§ What you will do
When the line with "Tree of Life" turns up below, begin repeating exactly, and carry on through the line with "Load image into"; no pictures go into the copy.

§ Provided records

◇ ◇ ◇

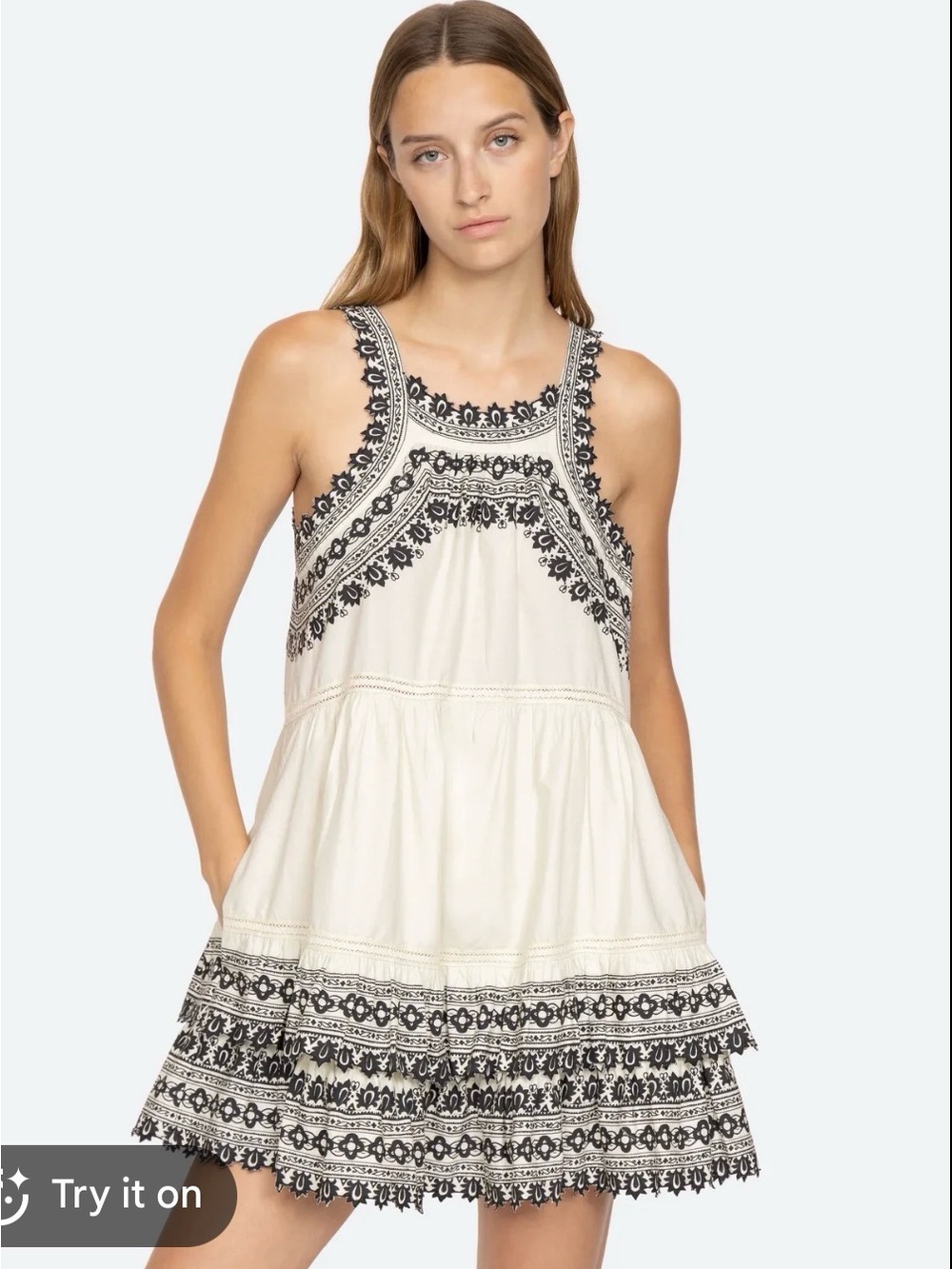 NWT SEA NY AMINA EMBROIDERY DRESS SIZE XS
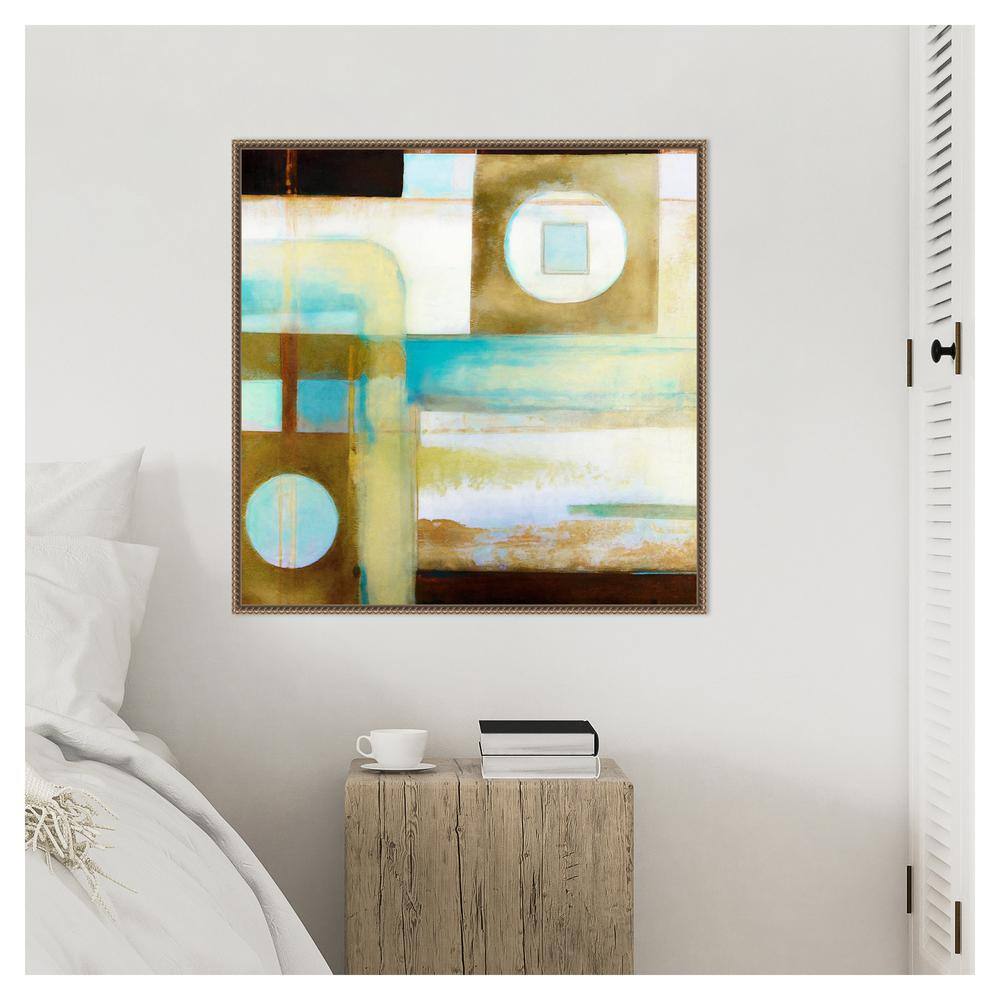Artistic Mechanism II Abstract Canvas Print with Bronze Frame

◇ ◇ ◇

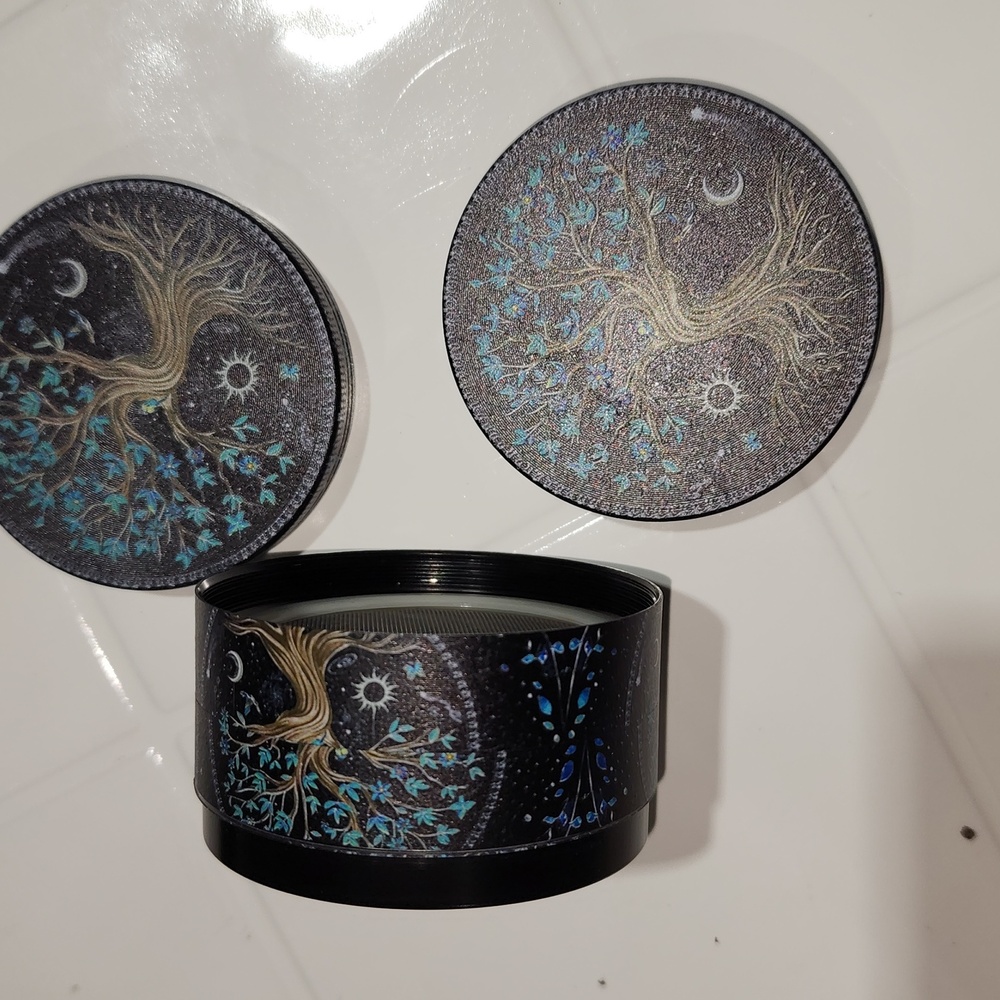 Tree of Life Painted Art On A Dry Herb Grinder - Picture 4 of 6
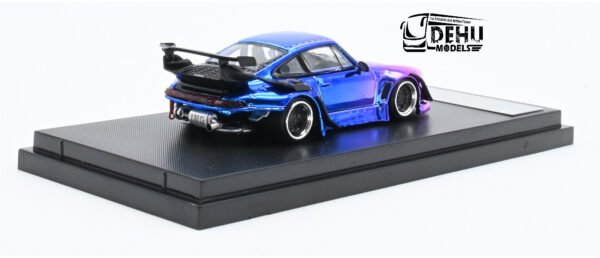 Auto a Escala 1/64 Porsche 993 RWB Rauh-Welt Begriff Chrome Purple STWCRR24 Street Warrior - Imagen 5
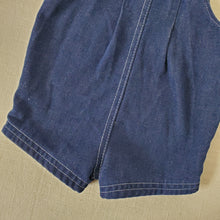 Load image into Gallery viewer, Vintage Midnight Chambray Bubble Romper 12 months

◇ ◇ ◇

§ Task solution
 Tree of Life Painted Art On A Dry Herb Grinder - Picture 4 of 6
 Auto a Escala 1/64 Porsche 993 RWB Rauh-Welt Begriff Chrome Purple STWCRR24 Street Warrior - Imagen 5
 Load image into Gallery viewer, Vintage Midnight Chambray Bubble Romper 12 months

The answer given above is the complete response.